Aug 31, 2017-The Cabinet has now decided to hold federal and provincial elections in two phases, on November 26 and December 7. Meanwhile, preparations for the third phase of local elections, scheduled for September 18, are also well underway. It is now almost certain that elections to all three tiers of government will be completed by the constitutional deadline of January 21, 2018, thus helping to avert a constitutional legitimacy crisis.  

Now there seem to be no political obstacles to hold successful polls. The Rastriya Janata Party- Nepal (RJP-N) has decided to participate in local elections and has begun campaigning, even though the amendment bill they supported failed to pass in Parliament. The party has also said that it will participate in provincial and federal elections. There do not appear to be any other political obstacles from any other parts of the country. Three major parties also appear to be committed to holding elections on time. Prime Minister Sher Bahadur Deuba seems to be particularly keen to complete the electoral process during his tenure; Deuba is keenly aware that he was strongly criticised for failing to hold elections the last time he was the prime minister. He hopes to bolster his legacy by holding all elections on time. The Election Commission (EC) was worried that it would not be able to complete preparations for the federal and provincial elections if the polls were held on a single day, as the government initially planned to do. However, the government decided to hold elections in two phases at the Commission’s urging; now it seems as though the EC can complete polls satisfactorily and on time.

Nonetheless, there are still a number of issues that need to be addressed. The Constituency Delineation Commission (CDC) has now completed its work, and the final report was published  yesterday. We hope that the report produced by the CDC is not biased in favour of any parties or groups. In addition, Parliament is yet to pass crucial legislation regarding provincial and federal elections. The government should make strong efforts to resolve disagreements and put these bills to a vote as soon as possible.
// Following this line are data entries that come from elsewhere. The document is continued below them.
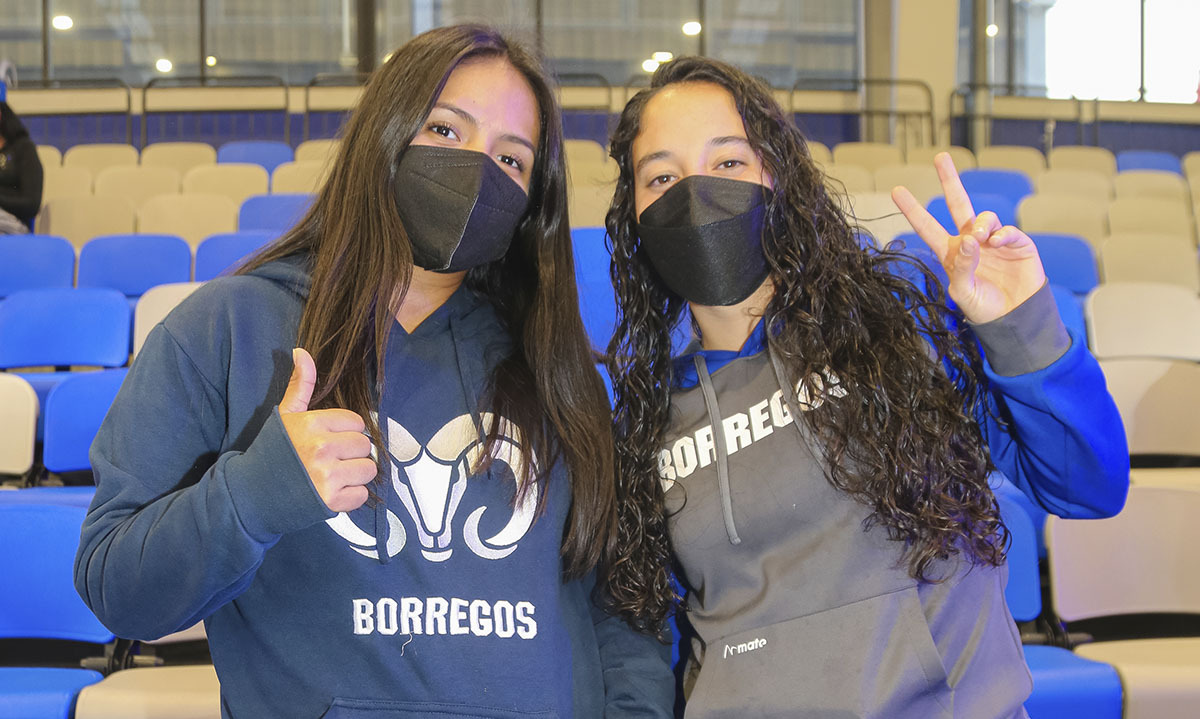 LESLIE PERALES Y MARTHA GENDRÓN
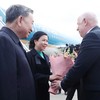 越共中央总书记苏林与夫人抵达明斯克机场，开始对白俄罗斯进行国事访问。白俄罗斯政府副总理阿纳托利·西瓦克及多位政府官员到机场迎接苏林总书记及夫人一行。（图片来源：越通社）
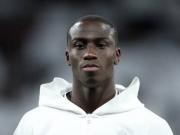 科贝记者：门迪右腿筋受伤至少缺阵一周；卡雷拉斯缺战埃尔切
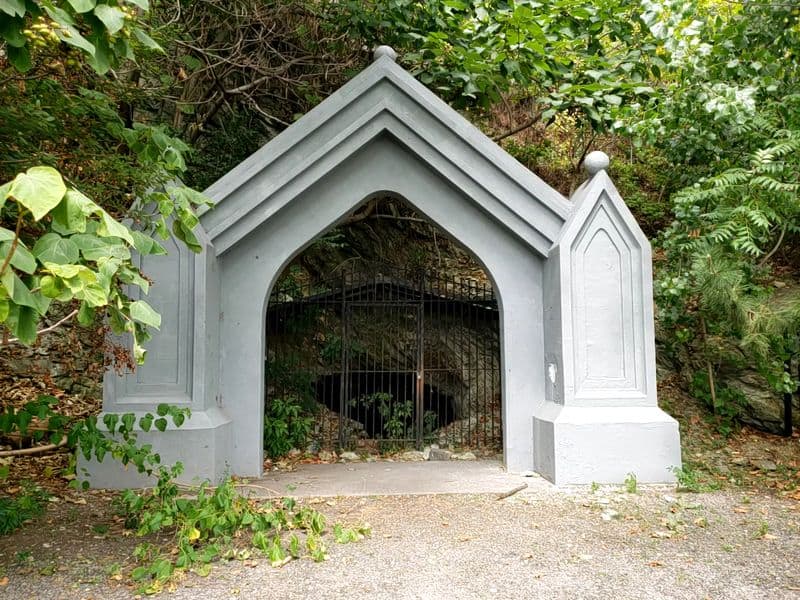 How Sybil’s Cave Became One of New Jersey’s Strangest Attractions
Elections have never been held on time, but have been subjected to repeated postponements since the peace process began in 2006. If the government manages to hold all three elections by December, it will be a major accomplishment indeed. However, it is also clear that elections by themselves will not resolve all political disagreements. The issue of revising federal boundaries is likely to come up again in the future. In addition, there will likely be other disputes over the implementation of the constitution. The success of the new federal structure will be determined by how well Nepal’s political leaders address these issues in a way that is inclusive and has the consent of all sections of Nepal’s population.